== Segment start ==
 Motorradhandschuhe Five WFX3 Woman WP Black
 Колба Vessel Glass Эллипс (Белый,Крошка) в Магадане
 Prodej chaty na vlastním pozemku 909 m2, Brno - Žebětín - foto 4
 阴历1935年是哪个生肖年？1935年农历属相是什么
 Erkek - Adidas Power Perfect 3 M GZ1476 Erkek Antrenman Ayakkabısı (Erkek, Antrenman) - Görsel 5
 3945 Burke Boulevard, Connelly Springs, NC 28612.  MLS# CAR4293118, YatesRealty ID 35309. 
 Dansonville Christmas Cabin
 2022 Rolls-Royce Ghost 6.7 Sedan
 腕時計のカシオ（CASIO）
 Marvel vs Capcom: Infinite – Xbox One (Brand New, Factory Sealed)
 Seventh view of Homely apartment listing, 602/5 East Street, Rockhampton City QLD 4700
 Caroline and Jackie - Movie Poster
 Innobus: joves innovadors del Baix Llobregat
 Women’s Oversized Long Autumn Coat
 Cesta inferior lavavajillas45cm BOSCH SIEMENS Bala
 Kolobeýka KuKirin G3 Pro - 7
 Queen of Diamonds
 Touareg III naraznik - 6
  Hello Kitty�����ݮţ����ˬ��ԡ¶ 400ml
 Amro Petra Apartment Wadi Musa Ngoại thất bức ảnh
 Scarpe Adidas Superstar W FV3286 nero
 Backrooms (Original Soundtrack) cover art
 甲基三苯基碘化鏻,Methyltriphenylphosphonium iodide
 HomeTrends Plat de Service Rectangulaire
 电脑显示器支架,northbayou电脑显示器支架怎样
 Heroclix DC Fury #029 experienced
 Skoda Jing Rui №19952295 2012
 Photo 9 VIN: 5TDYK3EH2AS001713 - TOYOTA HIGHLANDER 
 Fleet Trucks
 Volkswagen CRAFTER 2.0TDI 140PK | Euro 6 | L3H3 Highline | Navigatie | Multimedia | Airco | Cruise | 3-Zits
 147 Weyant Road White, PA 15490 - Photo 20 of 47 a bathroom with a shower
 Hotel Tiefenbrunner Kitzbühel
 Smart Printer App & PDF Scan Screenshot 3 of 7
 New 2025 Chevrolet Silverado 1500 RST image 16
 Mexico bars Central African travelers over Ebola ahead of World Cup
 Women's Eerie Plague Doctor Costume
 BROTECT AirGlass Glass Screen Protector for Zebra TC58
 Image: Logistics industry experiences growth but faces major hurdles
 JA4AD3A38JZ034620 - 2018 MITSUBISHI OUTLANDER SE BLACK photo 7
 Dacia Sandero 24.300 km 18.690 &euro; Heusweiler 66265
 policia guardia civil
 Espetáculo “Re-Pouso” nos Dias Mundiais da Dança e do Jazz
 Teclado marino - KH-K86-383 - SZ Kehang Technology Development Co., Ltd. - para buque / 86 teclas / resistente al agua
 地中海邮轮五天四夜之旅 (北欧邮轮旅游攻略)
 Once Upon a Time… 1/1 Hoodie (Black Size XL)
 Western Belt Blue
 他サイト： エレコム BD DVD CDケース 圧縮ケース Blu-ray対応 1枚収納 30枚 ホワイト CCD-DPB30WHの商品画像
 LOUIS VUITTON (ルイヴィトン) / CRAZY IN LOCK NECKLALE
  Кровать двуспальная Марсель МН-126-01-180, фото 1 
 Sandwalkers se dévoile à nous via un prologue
== Segment end ==
> [The problem]:
Restate each record exactly as written.

> [Output for this exercise]:
 Motorradhandschuhe Five WFX3 Woman WP Black
 Колба Vessel Glass Эллипс (Белый,Крошка) в Магадане
 Prodej chaty na vlastním pozemku 909 m2, Brno - Žebětín - foto 4
 阴历1935年是哪个生肖年？1935年农历属相是什么
 Erkek - Adidas Power Perfect 3 M GZ1476 Erkek Antrenman Ayakkabısı (Erkek, Antrenman) - Görsel 5
 3945 Burke Boulevard, Connelly Springs, NC 28612.  MLS# CAR4293118, YatesRealty ID 35309. 
 Dansonville Christmas Cabin
 2022 Rolls-Royce Ghost 6.7 Sedan
 腕時計のカシオ（CASIO）
 Marvel vs Capcom: Infinite – Xbox One (Brand New, Factory Sealed)
 Seventh view of Homely apartment listing, 602/5 East Street, Rockhampton City QLD 4700
 Caroline and Jackie - Movie Poster
 Innobus: joves innovadors del Baix Llobregat
 Women’s Oversized Long Autumn Coat
 Cesta inferior lavavajillas45cm BOSCH SIEMENS Bala
 Kolobeýka KuKirin G3 Pro - 7
 Queen of Diamonds
 Touareg III naraznik - 6
  Hello Kitty�����ݮţ����ˬ��ԡ¶ 400ml
 Amro Petra Apartment Wadi Musa Ngoại thất bức ảnh
 Scarpe Adidas Superstar W FV3286 nero
 Backrooms (Original Soundtrack) cover art
 甲基三苯基碘化鏻,Methyltriphenylphosphonium iodide
 HomeTrends Plat de Service Rectangulaire
 电脑显示器支架,northbayou电脑显示器支架怎样
 Heroclix DC Fury #029 experienced
 Skoda Jing Rui №19952295 2012
 Photo 9 VIN: 5TDYK3EH2AS001713 - TOYOTA HIGHLANDER 
 Fleet Trucks
 Volkswagen CRAFTER 2.0TDI 140PK | Euro 6 | L3H3 Highline | Navigatie | Multimedia | Airco | Cruise | 3-Zits
 147 Weyant Road White, PA 15490 - Photo 20 of 47 a bathroom with a shower
 Hotel Tiefenbrunner Kitzbühel
 Smart Printer App & PDF Scan Screenshot 3 of 7
 New 2025 Chevrolet Silverado 1500 RST image 16
 Mexico bars Central African travelers over Ebola ahead of World Cup
 Women's Eerie Plague Doctor Costume
 BROTECT AirGlass Glass Screen Protector for Zebra TC58
 Image: Logistics industry experiences growth but faces major hurdles
 JA4AD3A38JZ034620 - 2018 MITSUBISHI OUTLANDER SE BLACK photo 7
 Dacia Sandero 24.300 km 18.690 &euro; Heusweiler 66265
 policia guardia civil
 Espetáculo “Re-Pouso” nos Dias Mundiais da Dança e do Jazz
 Teclado marino - KH-K86-383 - SZ Kehang Technology Development Co., Ltd. - para buque / 86 teclas / resistente al agua
 地中海邮轮五天四夜之旅 (北欧邮轮旅游攻略)
 Once Upon a Time… 1/1 Hoodie (Black Size XL)
 Western Belt Blue
 他サイト： エレコム BD DVD CDケース 圧縮ケース Blu-ray対応 1枚収納 30枚 ホワイト CCD-DPB30WHの商品画像
 LOUIS VUITTON (ルイヴィトン) / CRAZY IN LOCK NECKLALE
  Кровать двуспальная Марсель МН-126-01-180, фото 1 
 Sandwalkers se dévoile à nous via un prologue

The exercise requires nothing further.